The tornado started following the interstate and our neighborhood was right off of that same interstate in the direction the tornado was coming. We jumped into the bathroom with the radio and waited for the silence of the approaching tornado and then the loud “freight train” noise that follows the silence. The silence never came and the weather man noted that the tornado had changed its course a half of a mile before it reached us. 

When it was safe to exit, we jumped in our car to check on my grandparents. I remember seeing so much rubble from buildings and houses. I remember being able to see Bryant-Denny stadium from my neighborhood, a site that was once blocked by buildings and trees. People were walking around with bloody and dirty clothes. Lakes were filled with debris and even cars. The boats at my family’s boat dock were all thrown on to the shore and the water in the lake was very low. Neighborhoods were wiped out. 
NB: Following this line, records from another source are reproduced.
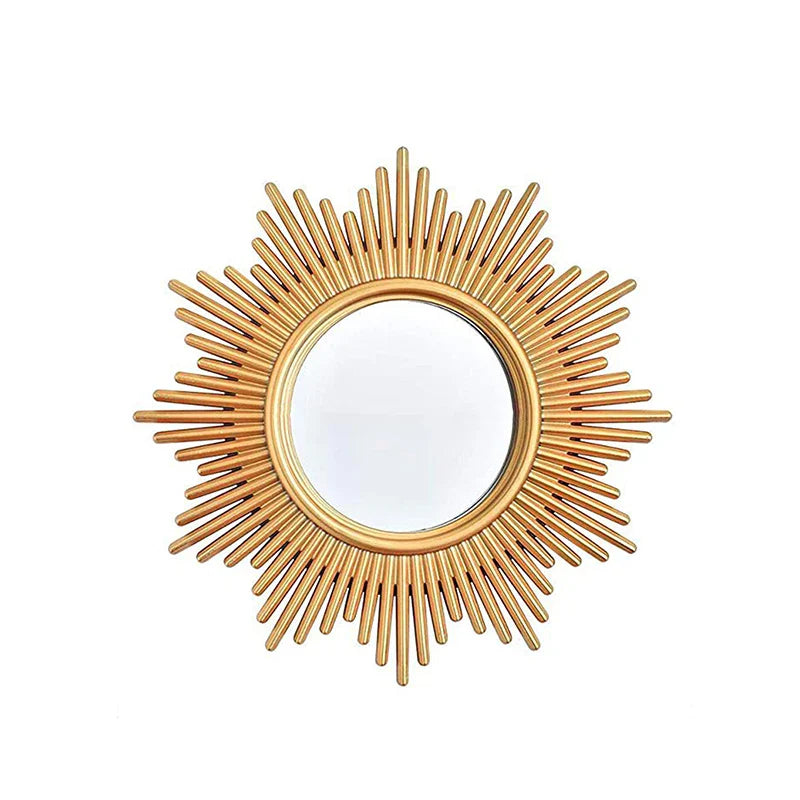 SunGlance | Eleganter Sonnenspiegel für strahlende Räume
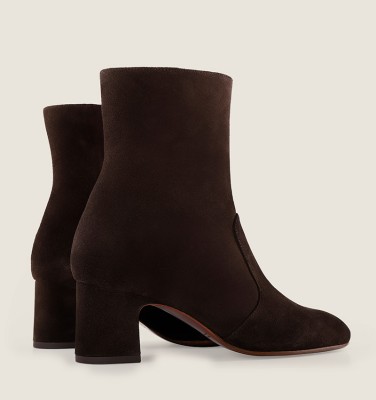 NA-NAYLON BROWN TOP 10 CHiE MIHARA boots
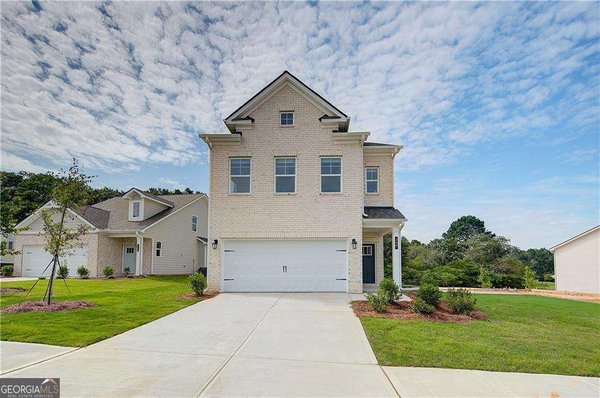 275 Abbotts Crossing Circle, Conyers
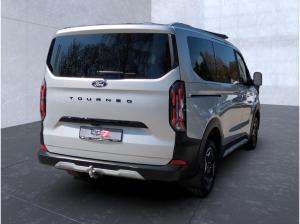 Ford Tourneo Custom 2.0 EcoBlue L1 Active FWD Automatik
The national guard was directing everyone. Our grandparents were fine, and they were some of the only people in Tuscaloosa with power and running water. That same night, since my house had no power or water, we drove to my grandparents’ house to stay until the utilities could be turned back on. It was only 9 pm and we drove through a part of town that would have been very well lit on any other day, but everything was so dark and so quiet. No cars were on the roads we drove to my grandparents’ house. Seeing otherwise busy parts of Tuscaloosa that empty and that dark made everything look like a scene from an apocalyptic movie. I had friends from school who lost their homes or loved ones. 

Although I didn’t have to experience the tragedy of losing a house or loved one, my heart was still shattered by the scene of my hometown, the place I was born and raised, being completely destroyed.